Senator Bilyk was going on about millions of people—well, those millions of people, Senator Bilyk, are going to wait years and years and years to be resettled. But the people on the Oceanic Viking have struck a special deal with Kevin Rudd. They have struck a deal where instead of waiting for years they are going to be resettled within four to six weeks. Go and check the facts before you come into this chamber.

Then of course, for those people who have already registered with the United Nations High Commissioner for Refugees, it says:

… Australian officials will assist with your UNHCR processing. If you are found to be a refugee, you will be resettled within 12 weeks from the time you disembark this vessel.

So forget the years of waiting to be processed. Again people in similar circumstances around the world will wait years and years to be resettled—but not the people on the Oceanic Viking; they are going to be resettled within four to six weeks. Of course there is no deal! Some people have to wait years and years to be resettled, but not the people on the Oceanic Viking.

Then of course we have the third category. The letter of offer says:

If you have not yet registered with UNHCR—Australian officials will assist you with your UNHCR processing.

I have never heard of that in my many years of being involved in this area. So are Australian officials all of a sudden just going to drop everything and help these people with their UNHCR processing? It continues:

If you are found to be a refugee, you will be resettled within 12 weeks from the time you disembark the vessel.

I repeat that other people around the world have to wait years and years to be resettled. But not this group of people. This group of people have been bribed off the vessel and they are going to be resettled in Australia, it is likely. That is the expectation of the Indonesians: that these people are going to come straight on down to Australia. Forget the millions of other people who have been waiting in queues—forget them. But of course this is not a special deal! Waiting only four to six weeks versus years and years to be processed and resettled sounds like a special deal to me.
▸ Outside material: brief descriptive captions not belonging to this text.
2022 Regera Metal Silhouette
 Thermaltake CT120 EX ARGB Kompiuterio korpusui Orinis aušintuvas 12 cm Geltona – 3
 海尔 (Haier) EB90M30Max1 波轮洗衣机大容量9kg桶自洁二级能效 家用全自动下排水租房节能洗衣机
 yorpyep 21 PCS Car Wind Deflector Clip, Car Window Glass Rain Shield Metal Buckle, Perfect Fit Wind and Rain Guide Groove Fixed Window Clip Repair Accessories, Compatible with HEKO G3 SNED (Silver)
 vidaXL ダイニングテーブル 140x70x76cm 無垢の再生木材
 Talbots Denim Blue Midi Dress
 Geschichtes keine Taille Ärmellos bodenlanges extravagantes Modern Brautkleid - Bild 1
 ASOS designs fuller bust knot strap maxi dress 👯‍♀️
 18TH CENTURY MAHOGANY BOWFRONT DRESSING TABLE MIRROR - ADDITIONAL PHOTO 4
Of course we have this other farce of the Prime Minister talking about the Border Protection Committee of cabinet, which is supposed to have made this decision. In the budget papers it tells us that this committee consists primarily of members of cabinet. At estimates we were told that there were a whole range of officials that sit on this Border Protection Committee. Today in question time we spoke about those. They include: the National Security Adviser, the head of the Customs and Border Protection Service, the Secretary of the Department of Foreign Affairs and Trade, the Secretary of the Attorney-General’s Department, the head of the Office of National Assessments, the Commissioner or Deputy Commissioner of the AFP and the Secretary of the Department of Immigration and Citizenship. That is what I was told in answer to direct questions in estimates on 28 May this year.

But of course all of a sudden we have the Prime Minister’s staff attending these meetings and we have the Prime Minister’s staff making decisions. I want to know, and the Australian public are entitled to know, which members of the Prime Minister’s staff have suddenly taken to attending this committee or other committees, as Senator Evans told us today. When was the decision made? Who made the decision? It is important that we do know that, and, of course, Minister Evans will not tell us, because if we do know who they are then they would be up for proper parliamentary scrutiny.